HI @sasha2484. I am confused what is the actual issue you are facing now. Could you provide a clear step to reproduce the issue and tell the difference between actual behavior and expected behavior?

sasha2484 commented 1 week ago

The general point is that pipeline does not read the ip from the clientid field. My steps are as follows:

  1. I'm prescribing my-datasource: PUT /_plugins/geospatial/ip2geo/datasource/my-datasource { "endpoint" : "https://geoip.maps.opensearch.org/v1/geolite2-city/manifest.json", "update_interval_in_days" : 1 } => { "acknowledged": true }

  2. I see that it works: GET /_plugins/geospatial/ip2geo/datasource/my-datasource => { "datasources": [ { "name": "my-datasource", "state": "AVAILABLE", "endpoint": "https://geoip.maps.opensearch.org/v1/geolite2-city/manifest.json", "update_interval_in_days": 1, "next_update_at_in_epoch_millis": 1724839387155, "database": { "provider": "maxmind", "sha256_hash": "t7FahuRg6Pjw+kcP0F29ZFAni4HEbX5WJC+1M38hzLU=", "updated_at_in_epoch_millis": 1724427053000, "valid_for_in_days": 30, "fields": [ "country_iso_code", "country_name", "continent_name", "region_iso_code", "region_name", "city_name", "time_zone", "location" ] }, "update_stats": { "last_succeeded_at_in_epoch_millis": 1724752680532, "last_processing_time_in_millis": 217775 } } ] }

  3. I created a pipeline: PUT /_ingest/pipeline/my-pipeline { "description":"convert ip to geo", "processors":[ { "ip2geo":{ "field":"clientip", "datasource":"my-datasource" } } ] }

=>

{ "acknowledged": true }

  1. checked pipeline it works:

POST _ingest/pipeline/my-pipeline/_simulate { "docs": [ { "_index": "testindex1", "_id": "1", "_source": { "clientip": "185.35.83.97" } } ] }

=>

{ "docs": [ { "doc": { "_index": "testindex1", "_id": "1", "_source": { "ip2geo": { "continent_name": "Europe", "country_name": "Norway", "location": "59.9452,10.7559", "country_iso_code": "NO", "time_zone": "Europe/Oslo" }, "clientip": "185.35.83.97" }, "_ingest": { "timestamp": "2024-08-28T08:55:16.048315377Z" } } } ] }

  1. I see that everything works when querying with my hands. And now I expect that in any new index, if there is a clientip field in it, the pipeline "my-pipeline" will be triggered, which will create additional fields that will contain information about the city, country, coordinates, etc. After the information in these fields appears, I can apply geo point on them, which will allow me to display this information on the map.
  2. The main problem is that, apparently, pipeline itself does not want to process the clientiip field for some reason, although the ip addresses are there (in the screenshot above). I ran a pipeline check and saw that it didn't work once. Moreover, there are no mistakes. { "nodes": { "bjAXJdRNSn6BRwOWMXSgFA": { "ingest": { "total": { "count": 4379, "time_in_millis": 9274, "current": 0, "failed": 0 }, "pipelines": { .... "my-pipeline": { "count": 0, "time_in_millis": 0, "current": 0, "failed": 0, "processors": [ { "ip2geo": { "type": "ip2geo", "stats": { "count": 0, "time_in_millis": 0, "current": 0, "failed": 0 } } ...
heemin32 commented 1 week ago

And now I expect that in any new index, if there is a clientip field in it, the pipeline "my-pipeline" will be triggered

Could you tell how did you ingest the doc? I see you were able to process clientip field in your previous example. It does not work anymore?

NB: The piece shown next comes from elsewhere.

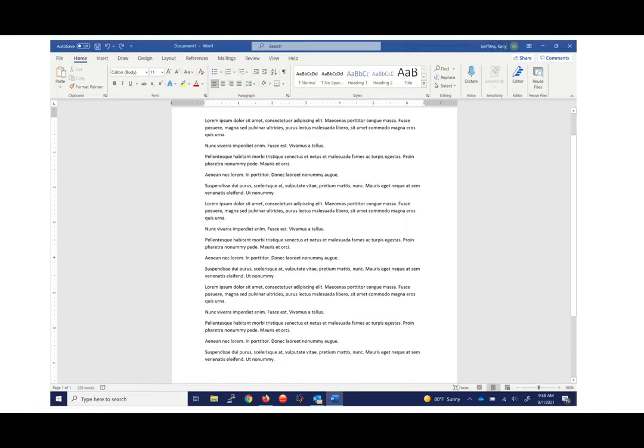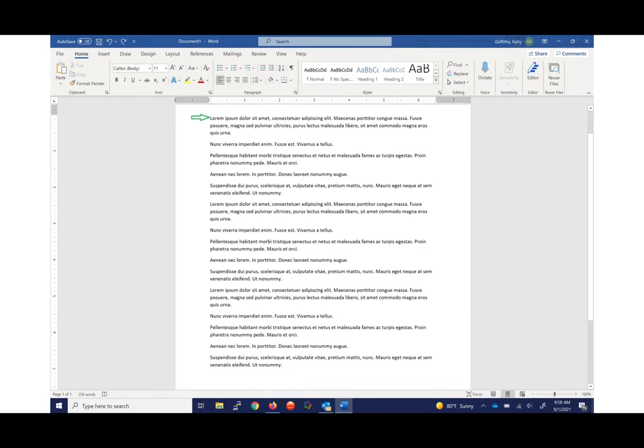This video will show you screenshots of how to make a hanging indent in Microsoft Word. Here is a Microsoft Word screen. You can see that there is some nonsense text broken into small paragraphs. You're going to want to place your cursor at the beginning of one of the paragraphs.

PUT /nginx-2024.08.28/_doc/my-id?pipeline=my-pipeline
{
"clientip": "185.35.83.97"
}

{
"_index": "nginx-2024.08.28",
"_id": "my-id",
"_version": 4,
"result": "updated",
"_shards": {
"total": 2,
"successful": 2,
"failed": 0
},
"_seq_no": 24950455,
"_primary_term": 1
}

GET /nginx-2024.08.28/_doc/my-id

{
"_index": "nginx-2024.08.28",
"_id": "my-id",
"_version": 4,
"_seq_no": 24950455,
"_primary_term": 1,
"found": true,
"_source": {
"ip2geo": {
"continent_name": "Europe",
"country_iso_code": "NO",
"country_name": "Norway",
"location": "59.9452,10.7559",
"time_zone": "Europe/Oslo"
},
"clientip": "185.35.83.97"
}
}
sasha2484 commented 1 week ago

I used the instructions from here: https://opensearch.org/docs/2.15/ingest-pipelines/processors/ip2geo/ And from here: https://opensearch.net/blog/new-ip2geo-processor-with-automatic-update/

PUT /nginx-2024.09.05/_doc/my-id?pipeline=my-pipeline { "clientip": "185.35.83.97" } => { "_index": "nginx-2024.09.05", "_id": "my-id", "_version": 5, "result": "updated", "_shards": { "total": 2, "successful": 2, "failed": 0 }, "_seq_no": 75963415, "_primary_term": 1 }

GET /nginx-2024.09.05/_doc/my-id => { "_index": "nginx-2024.09.05", "_id": "my-id", "_version": 2, "_seq_no": 75963412, "_primary_term": 1, "found": true, "_source": { "ip2geo": { "continent_name": "Europe", "country_iso_code": "NO", "country_name": "Norway", "location": "59.9452,10.7559", "time_zone": "Europe/Oslo" }, "clientip": "185.35.83.97" } }

That is, when I poison such a request with my hands through DevTools, then everything works as expected. But pipeline itself does not want to work in automatic mode for new indexes and new data that come in. I create a new nginx index every day-{date}, where the clientip field with ip addresses is present. It feels like I'm missing some little thing, but I can't find it in any way. I've tried creating different pipelines, with different names, but none of them want to work.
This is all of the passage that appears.